Piouzzz, un artiste éphémère qui mêle l’horreur à l’érotisme

Dessinateur consciencieux, Piouzzz m’a intriguée au premier regard. D’une esthétique feutrée qui oscille entre violence et sensualité, cet artiste met en scène des illustrations de personnages d’horreur et de femmes suaves, le tout à travers une patte plutôt provocante allant de ses inspirations punk à un stylisme gothique qui se mélange parfois à une élégance BDSM. Découvert lors d’une errance artistique dans les univers horrifiques du Net, Piouzzz est un illustrateur à l’esprit créatif et engagé, trop réaliste pour vivre uniquement dans ce monde fou. De l’onirisme d’un érotisme envoûtant aux horreurs exprimées pour pallier celles de la « vraie » vie, il nous entraine avec beaucoup d’authenticité et d’humour dans son univers de chimères sépulcrales.
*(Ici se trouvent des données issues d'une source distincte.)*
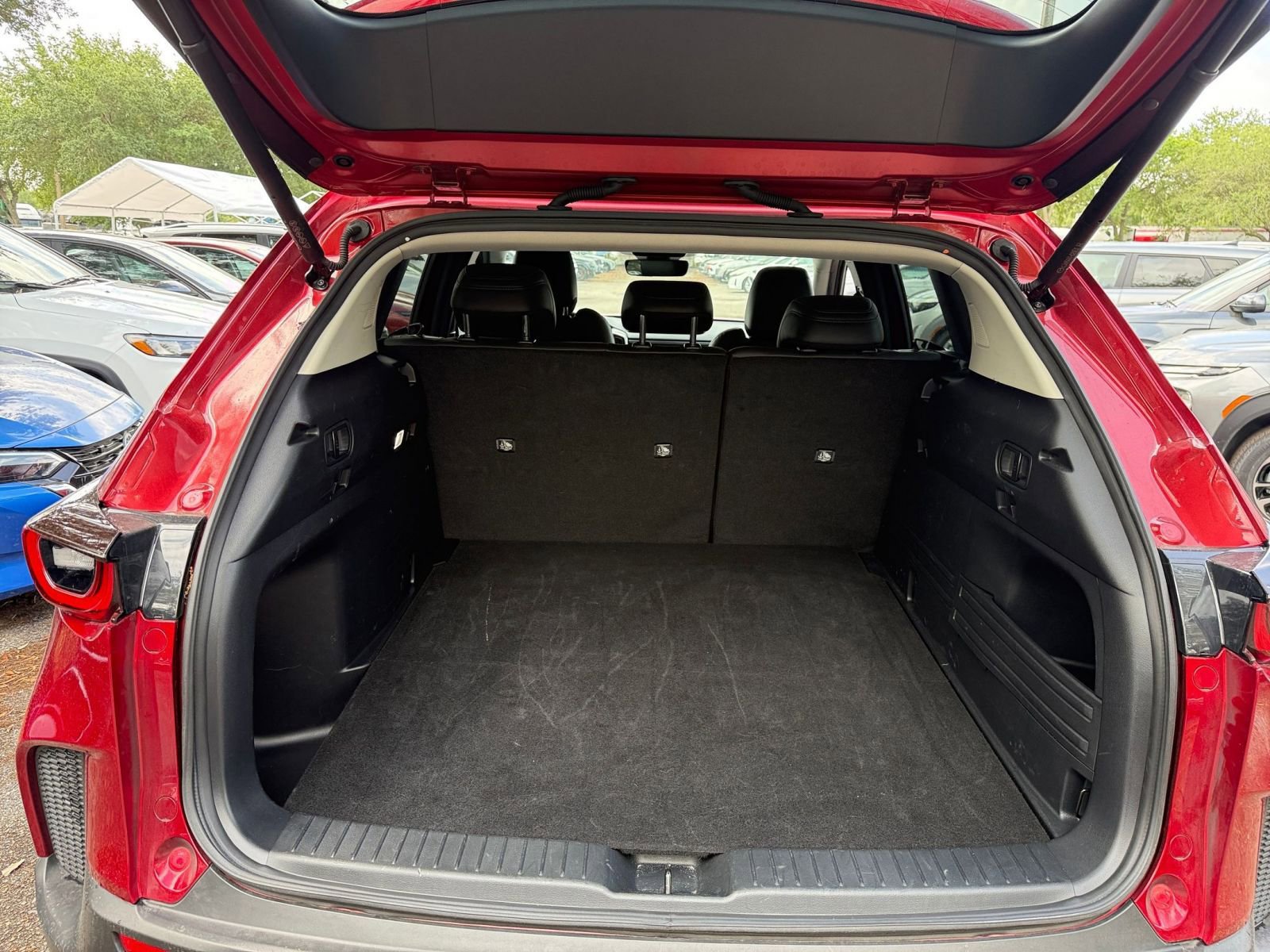 Thumbnail: 2025 Mazda CX-50 - 30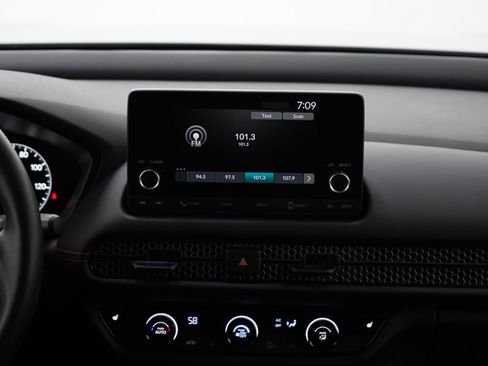 Used 2025 Honda HR-V Sport image 15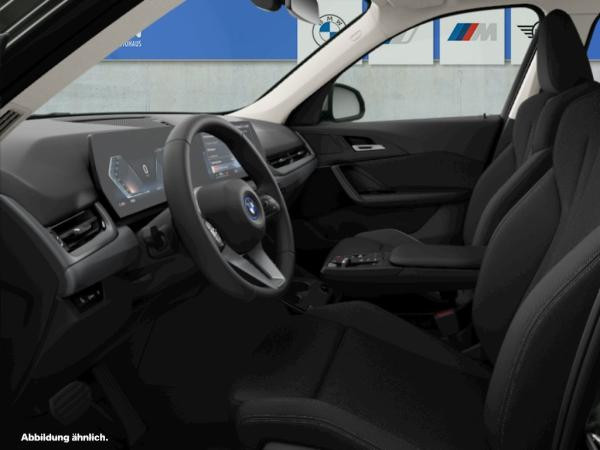Foto - BMW iX1 xDrive30 ~Aktionsfahrzeug~sofort verfügbar*adapt. LED*AHK*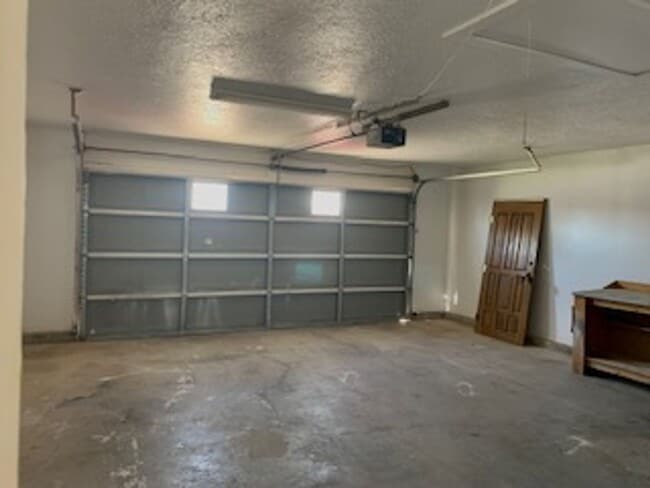 Building Photo - Beautiful  3 bedroom, 2 bath home with 2 car garage.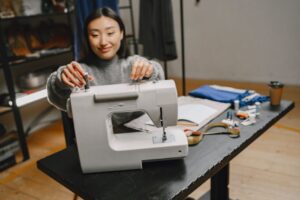 断捨離を始める女性のイメージ（アイキャッチ）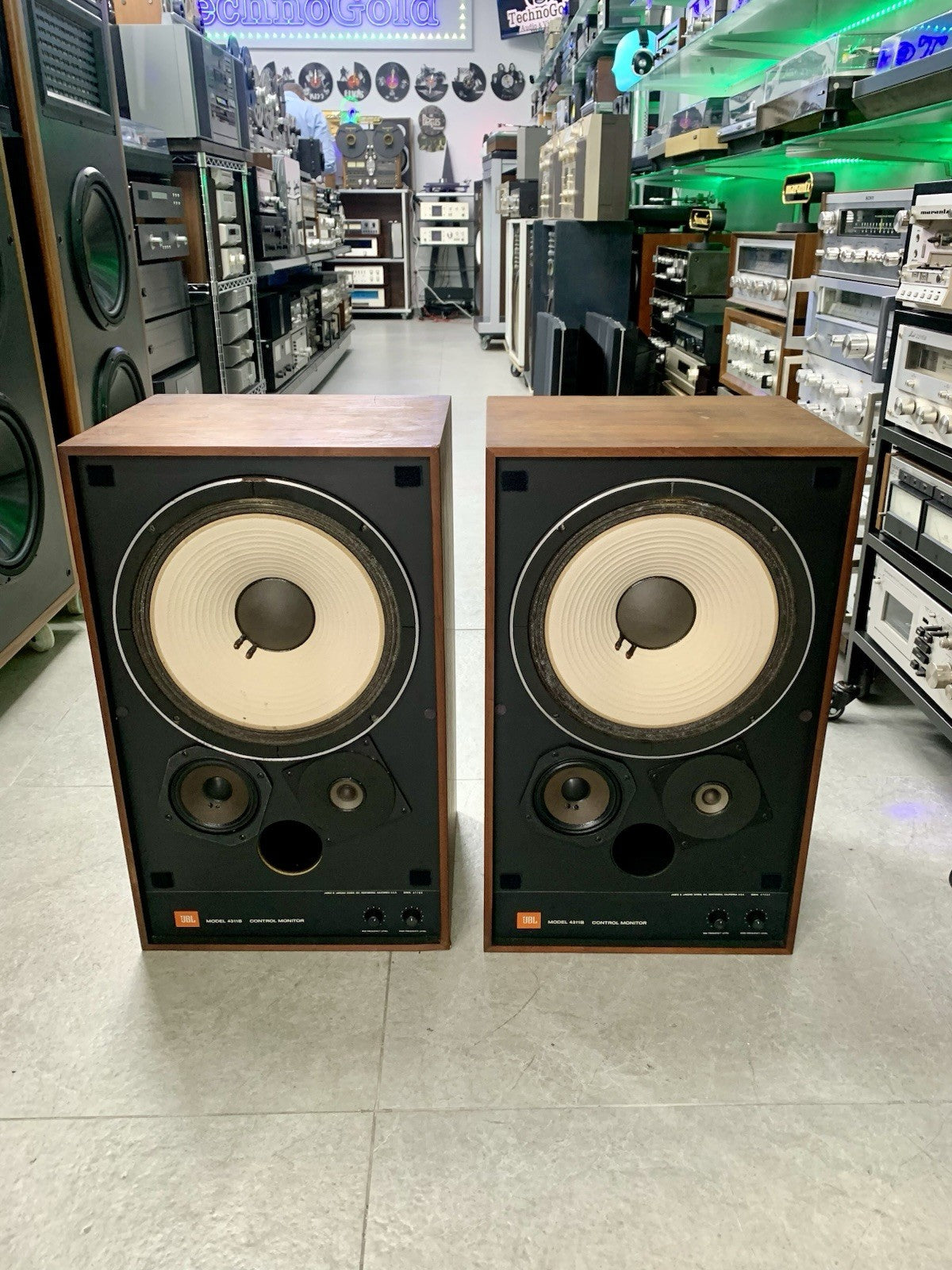 JBL 4311B LEGENDARY Studio Monitor Speakers Vintage 1975 Original WORK Perfect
Comment te présenterais-tu ? Tu dessines depuis longtemps ? 

Je suis un passager comme le dit la chanson et un artiste éphémère né en banlieue parisienne à une époque où le monde était en noir et blanc. Enfant je parlais le vieux français, je marchais en sautillant accompagné d’une musique entraînante jouée au piano et je m’achetais des roudoudous que je payais avec des centimes d’anciens francs préalablement empruntés dans les poches des Thenardiers qui me servaient de famille. Je dessine depuis quelques temps en effet puisque j’ai réalisé ma première bande dessinée à l’âge de cinq ans, après avoir vu Dieu dans le programme télé. Il avait les traits de Tarzan, portait un slip en léopard, il était dessiné par Russ Maning et la revue se nommait Télé Poche ou l’Ancien Testament, je confonds toujours. Cette précocité artistique m’a valu d’être remarqué par ma prof de maternelle et trainé par celle-ci à Paris sur un plateau de télé, ou plutôt dans un appartement sombre et surchauffé, dans lequel j’ai rencontré André Chéret (le dessinateur de Rahan, mon idole de l’époque) ainsi que ce qui fut certainement ma première crise d’angoisse.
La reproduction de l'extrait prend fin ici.